Every person has a unique set of boundaries and limits. You've hit some sort of wall – because you've written this letter – but you're not ready to walk away just yet. You want to keep trying.

But Tim has made it clear that he does not want you to tell him how to parent his child. With that in mind, is there a way you can talk to him about the relationship without giving him unsolicited advice about his family? It might be more productive to ask him what he needs from you to make it possible for the relationship to continue. If he says, "I need you to accept this as is," you'll know it' time to rethink your desire to stay with Tim. If he says, "I want you to be patient as I figure this out," you'll know he wants some change, too.

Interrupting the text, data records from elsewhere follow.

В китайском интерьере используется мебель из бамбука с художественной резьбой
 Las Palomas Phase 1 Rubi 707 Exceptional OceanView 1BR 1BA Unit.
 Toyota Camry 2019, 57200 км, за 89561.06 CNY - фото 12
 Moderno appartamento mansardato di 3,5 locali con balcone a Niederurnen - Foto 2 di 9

If the timelines in this letter are accurate, Tim's son began needing more help right around the time that Tim met you. That means Tim never had the chance to adjust to one thing before adding the other. A year and a half seems like a long time to you because you're focused on the relationship, but for Tim, all of this is still new and evolving. Instead of trying to fix it, just ask him what might make this better for him. That kind of question might get you somewhere.

– Meredith

Readers? How can the LW work on this relationship without being insensitive about Tim's needs?